Karena tidak boleh makan dan minum, maka segala sesuatu yang menyangkut kuliner sebisa mungkin untuk dihindari. Mendekatinya tidak jadi soal, halal asal tidak dicicipi. Walaupun terlalu dekat dengannya dapat dianggap memakruhkan puasa. Tapi bagaimana dengan hukum memamerkan makanan kepada orang yang berpuasa? Sebagaimana kita ketahui bersama, teknologi informasi dalam hal ini media sosial memudahkan penggunanya menyebarkan informasi apapun ke jagad maya, termasuk foto pribadi makanan-minuman. Apakah berdosa bagi mereka yang mengapdet foto kuliner di media sosial saat orang lain atau malah dia sendiri sedang melaksanakan puasa? Entahlah dengan hubungannya dengan Tuhan, yang jelas mungkin dianggap tidak manusiawi. Coba bayangkan saja jika ada tetangga yang kelaparan belum makan tapi kita sendiri berkecukupan bahkan sangat kenyang memamerkan makanan dan perut kita yang buncit tepat dihadapan wajah tetangga tersebut? Bisa-bisa kita dianggap melanggar HAM. Mungkin demikian hukumnya memamerkan foto makanan di siang hari saat bulan puasa.

Ah sudahlah, saya tak dapat menahan nafsu memposting sesuatu di blog ini termasuk memamerkan foto pisang ijo, hasil buka puasa hari pertama kemarin dulu. Pisang ijo ini adalah kuliner takjil buka puasa favorit di Makassar. Maafkan saya, daripada posting tidak jelas soal pilpres yang bisa saja menjerumuskan ke dalam kubangan kampanye hitam, mending posting tentang makanan. Semoga tidak menjadi makruh puasa anda yang melihatnya di siang hari. Mau?

Saturday, June 21, 2014

Demam Bola Ala Kadarnya

Gelaran piala dunia Brasil 2014 sudah dimulai sejak seminggu yang lalu. Banyak penikmat sepakbola yang menderita demam karenanya. Demam piala dunia, demam bola. Syukurlah saya tidak demam-demam amat berhubung keterbatasan dalam menonton: tak berdaya melawan kantuk dan siaran tv kabel diacak.

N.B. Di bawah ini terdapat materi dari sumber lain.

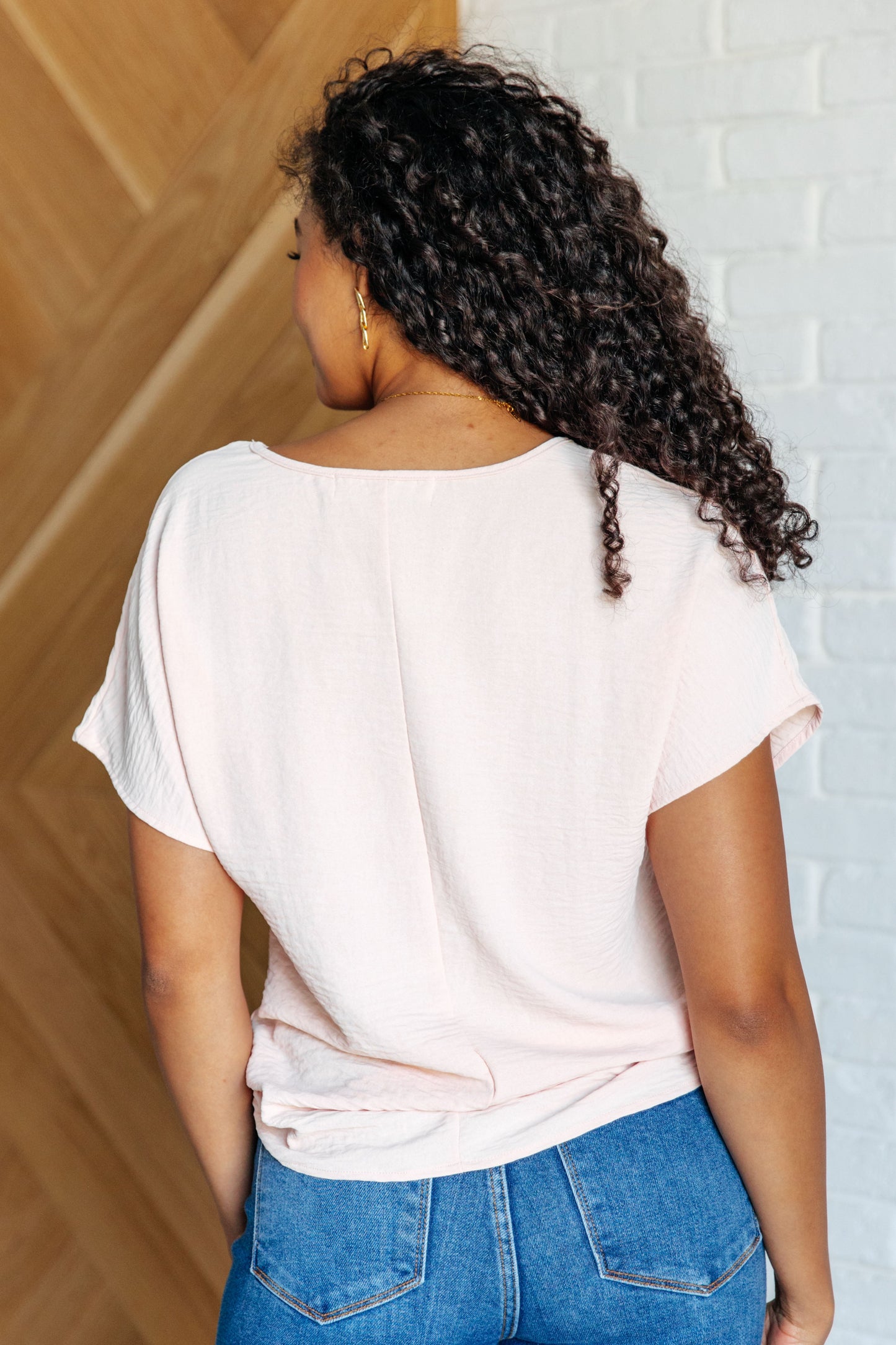 V-Neck Top in Blush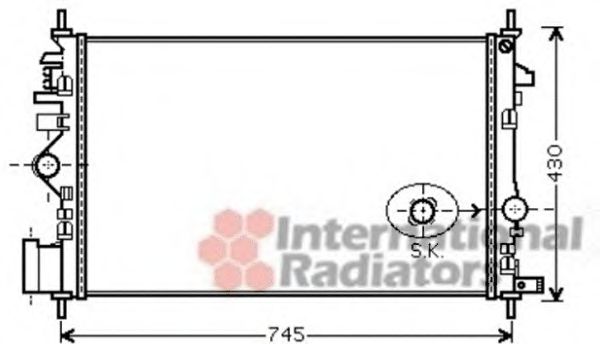 Imagine Radiator, racire motor VAN WEZEL 37002474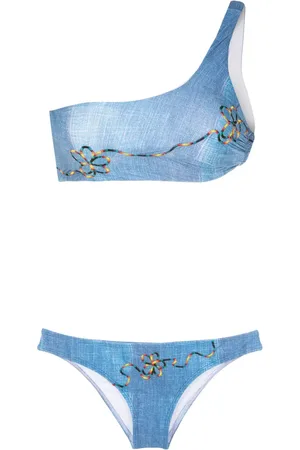 AMIR SLAMA Bikini à broderies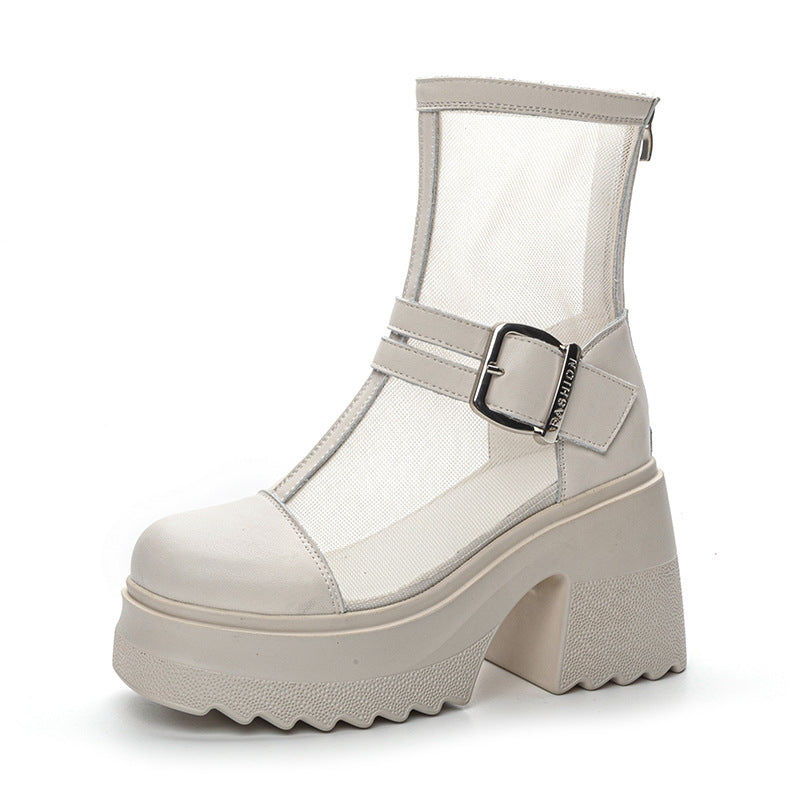 Thin Breathable Thick Sole Women's Boots Newgew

Setiap hari, pertandingan berlangsung pada jam 12 tengah malam, jam 3 subuh, dan jam 6 pagi waktu Indonesia Tengah, waktu yang paling nyaman untuk tidur. Pastinya ada saja penikmat sepakbola yang tidak melewatkan satu pertandinganpun, 64 pertandingan sejak fase grup hingga partai final dilahap habis. Alasannya, gelaran piala dunia tidak tiap tahun ada, hanya sekali dalam 4 tahun, tak apalah begadang tiap hari. Sebagai penikmat sepakbola kasta kesekian, saya lebih baik tidur daripada menahan kantuk sambil nonton bola. Selalu saja saya ketiduran jika dalam kondisi mengantuk nonton bola. Jadinya pertandingan tidak utuh ditonton, paling hanya nonton beberapa menit awal babak pertama, jeda turun minum, dan pertengahan babak kedua. Selebihnya, dibuai mimpi, tv yang menonton saya. Lagian, kalau saya ngotot nonton penuh, bisa-bisa kondisi badan menurun karena kelelahan yang berujung pada gejala demam dan jatuh sakit. Mending tidur. 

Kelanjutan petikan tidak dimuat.